Warren Harding (1921-1923)

“I am a man of limited talents from a small town.” He delegated much of his responsibility to friends and people around him. These people were called the ‘Ohio Gang’ and they were his poker friends. The problem is that they were his friends, not necessarily politicians, and a good number of them got involved in scandals.

a. Teapot Dome Scandal - Secretary of Interior Albert Fall was jailed for a year for accepting bribes to provide oil leases in Wyoming and California to wealthy businessmen

b. Harding, largely unaware of the corruption that was riddling his administration, died in August 1923. This ended one of the most corrupted Presidencies in American history.

Calvin Coolidge (1923-1929)

"The business of America is business." He was one of the least active presidents in history, taking daily afternoon naps and proposing no new legislation.

Herbert Hoover (1929-1933)

He was much more progressive than his predecessors but he entered the oval office at the wrong time. When the stock market crashed in the first year of his presidency, Americans came to blame him for the Great Depression even though it was not entirely his fault.

III. MOVEMENTS OF THE 1920s

A. PROHIBITION

1. 18th Amendment goes into effect in 1919. Officially it is called the Volstead Act.

2. Strong demand for alcohol, even though it was illegal, and weak enforcement, led to crime.

3. Saloons and bars were replaced by speakeasies serving high proof alcohol.

4. Home-made alcohol (bathtub gin/moonshine) many times resulted in blindness, sickness, and death.

5. Organized crime, most famously in Chicago rose to meet consumers' need to drink

a) Over 500 murders in Chicago in the 1920s by competing gangs. (The North Side/South Side)

b) Gangsters used Prohibition profits to move into prostitution, gambling, and narcotics as years went by, especially once alcohol became legal again.

c) Al Capone becomes the most notorious of these gangsters.

B. CHRISTIAN MOVEMENT

1. Scopes Monkey Trial: Teacher John Scopes arrested for teaching evolution. Christian Fundamentalists argue that science cannot question the teachings of the bible. According to them the Bible should be read as unquestionable truth. This debate still happens in 2012.

2. This movement, which also is connected to prohibition, really was about making the American man a spiritually and physically clean person. I think you can also see the connection/influence of the KKK in this debate as well.

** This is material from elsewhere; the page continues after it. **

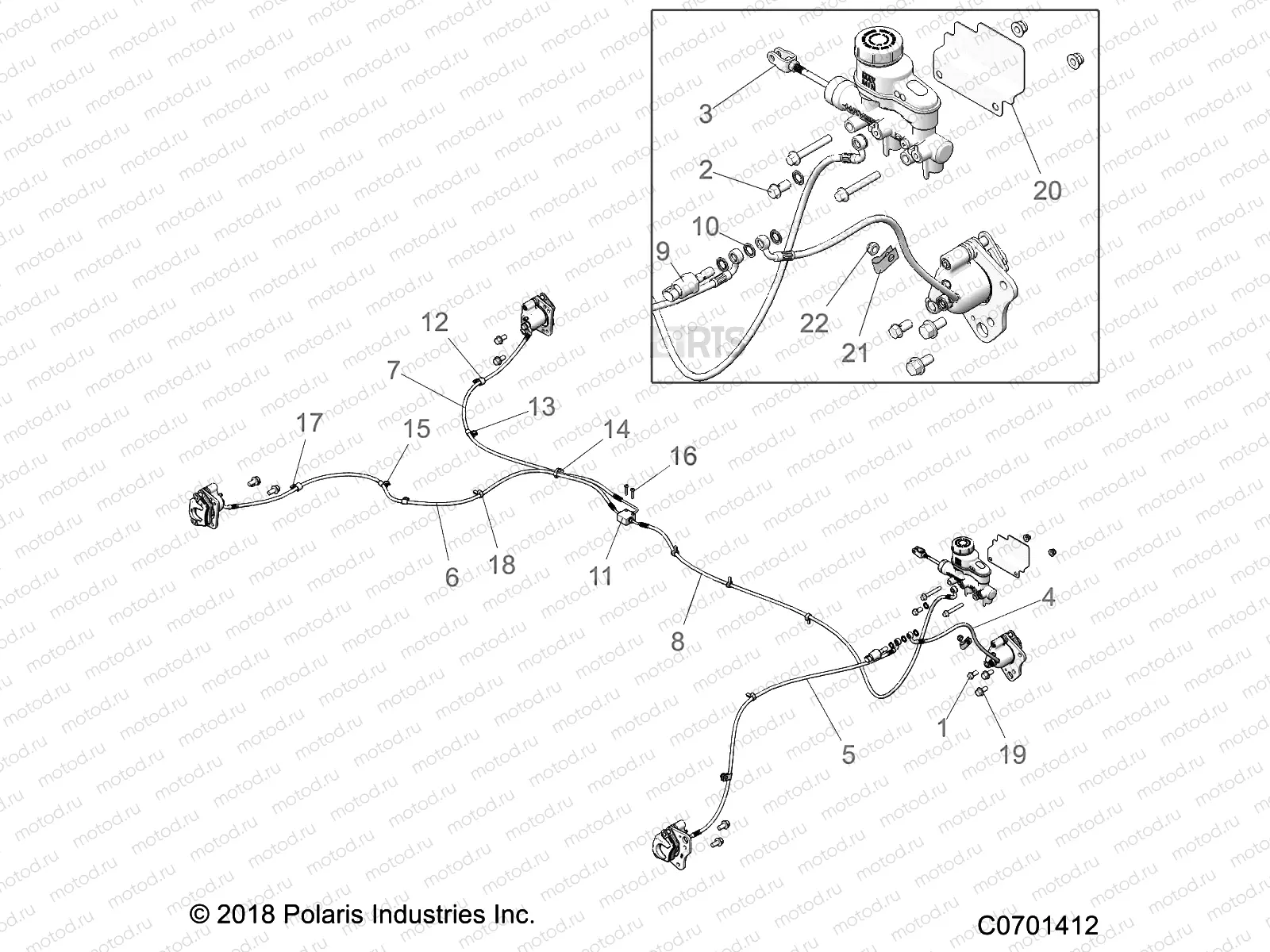 BRAKES | BRAKES, BRAKE LINES and MASTER CYLINDER - R20MAA57K1 (49RGRBRAKELINESC0701412)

C. PROSPERITY AND CONSUMERISM

1. Tremendous performance of American economy in early 1920s.

2. Causes of economic boom

a) The destruction of European economies during World War I left the U.S. as the only major industrial nation still in one piece.

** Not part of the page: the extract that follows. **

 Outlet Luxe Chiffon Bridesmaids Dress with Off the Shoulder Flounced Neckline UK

b) Technological advances……

i) 1.5 million cars sold in 1920, 5 million cars sold by 1929.
ii) Assembly line methods first used by Ford to make the Model T and later by other car companies makes the car affordable to many American families.

iii) Assembly line makes all products more affordable. (ex: Refrigerator)

c) Radio and motion picture industry grew as a result of technological innovations.

d) Cheap, readily available energy sources (coal, oil) made expansion affordable.

e) People for the first time in history could purchase using credit and pay it back later.

f) First time that athletes are used to market/advertise items.

3.  With newfound wealth, people begin to invest in the stock market often times placing all of their money in the stock market which is extremely risky. By 1929, speculation in stocks and bad investments lead to the collapse of the financial system.